■ **Task to complete**
With the pictures removed, please write out every line below exactly as given.

(Brief descriptive captions)
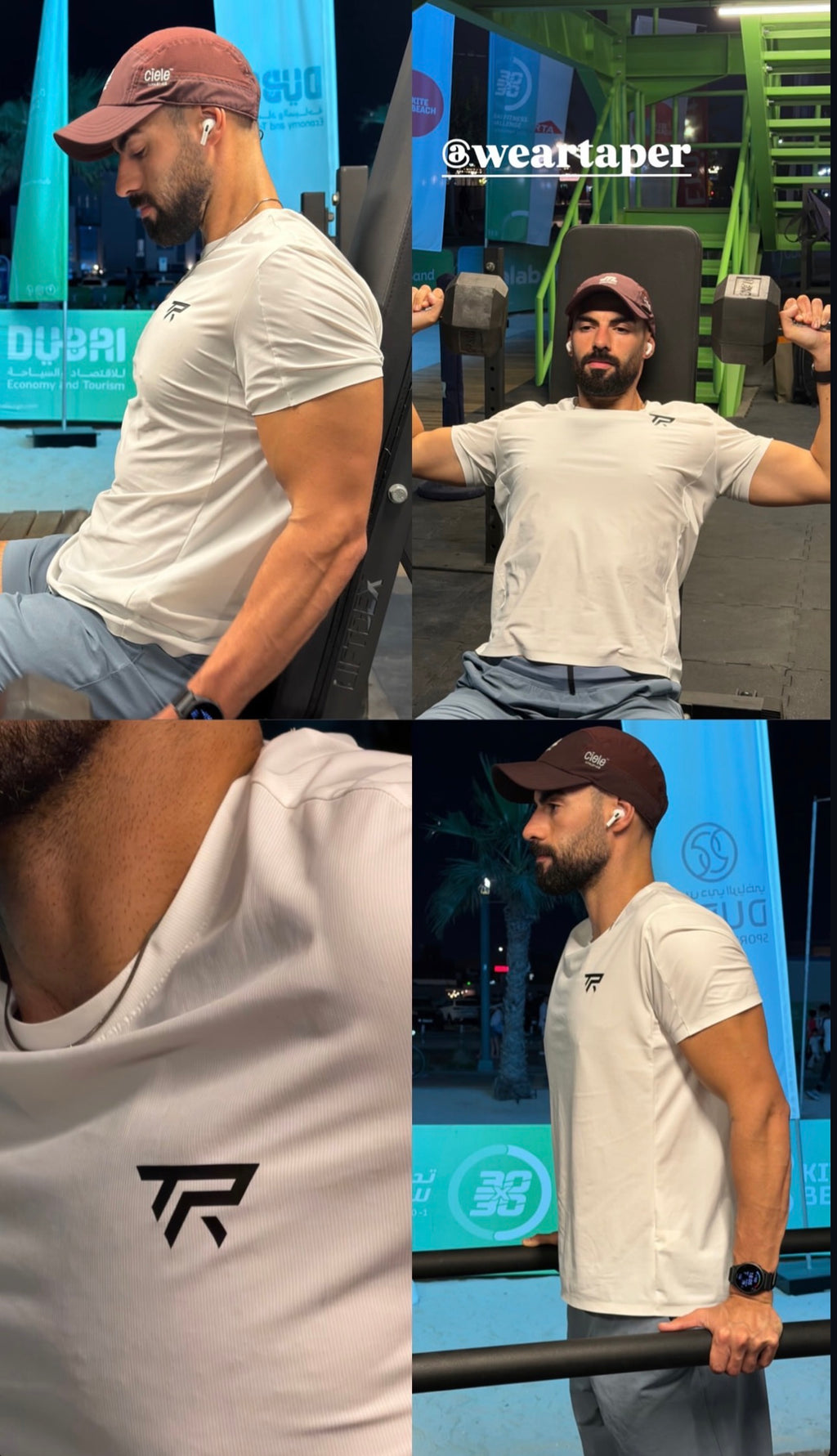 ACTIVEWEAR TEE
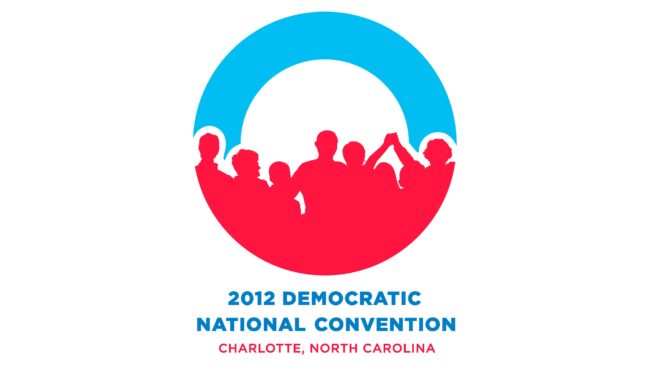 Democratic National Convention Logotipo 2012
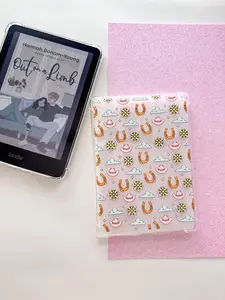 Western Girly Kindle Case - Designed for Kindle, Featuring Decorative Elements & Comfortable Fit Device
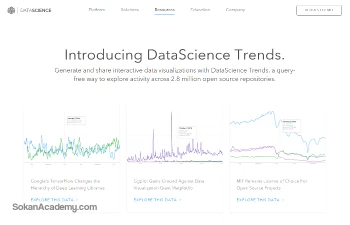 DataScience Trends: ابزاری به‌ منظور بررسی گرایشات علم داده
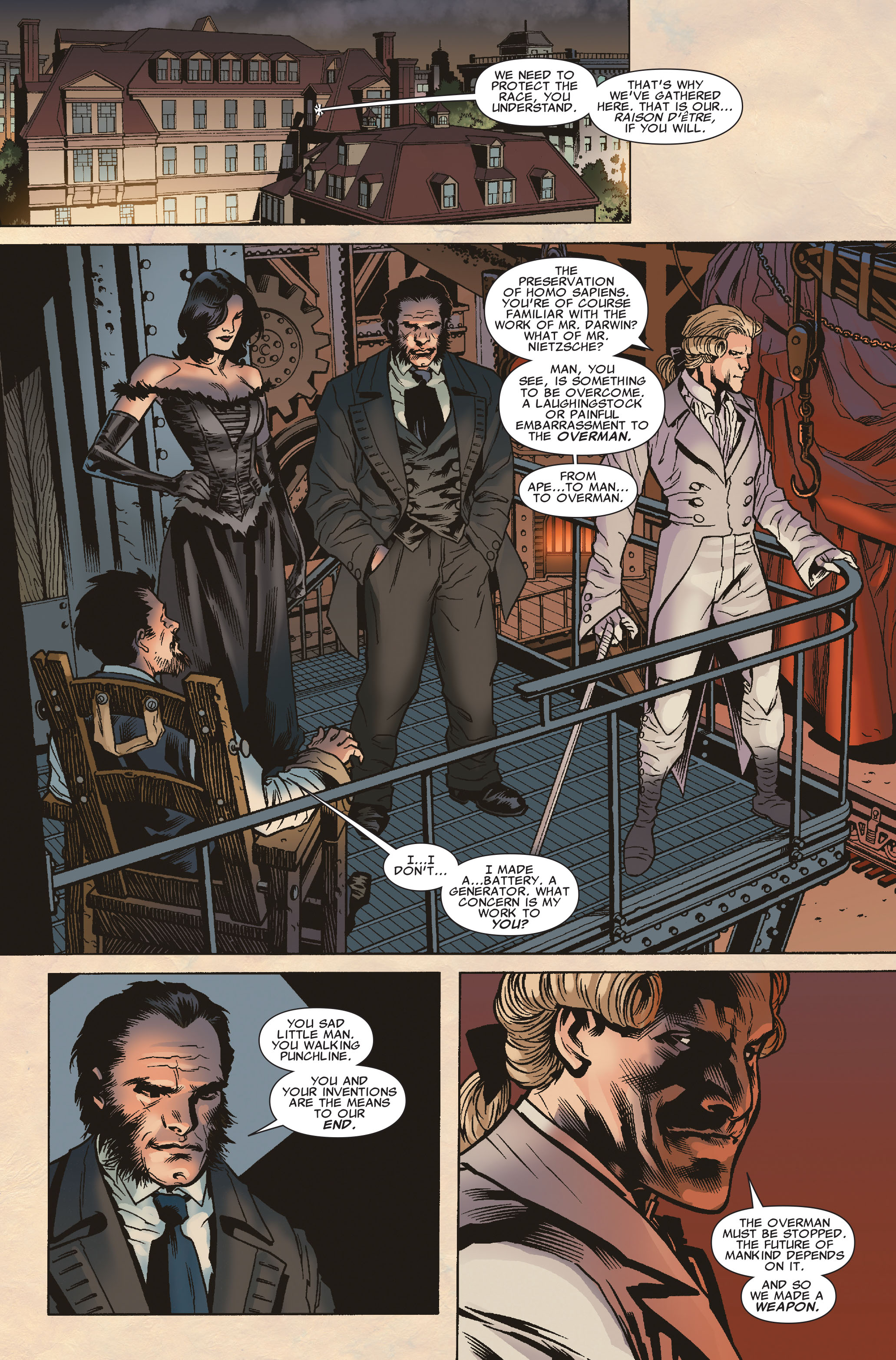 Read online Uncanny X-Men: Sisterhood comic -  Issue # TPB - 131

■ **Exercise result**
 ACTIVEWEAR TEE
 Democratic National Convention Logotipo 2012
 Western Girly Kindle Case - Designed for Kindle, Featuring Decorative Elements & Comfortable Fit Device
 DataScience Trends: ابزاری به‌ منظور بررسی گرایشات علم داده
 Read online Uncanny X-Men: Sisterhood comic -  Issue # TPB - 131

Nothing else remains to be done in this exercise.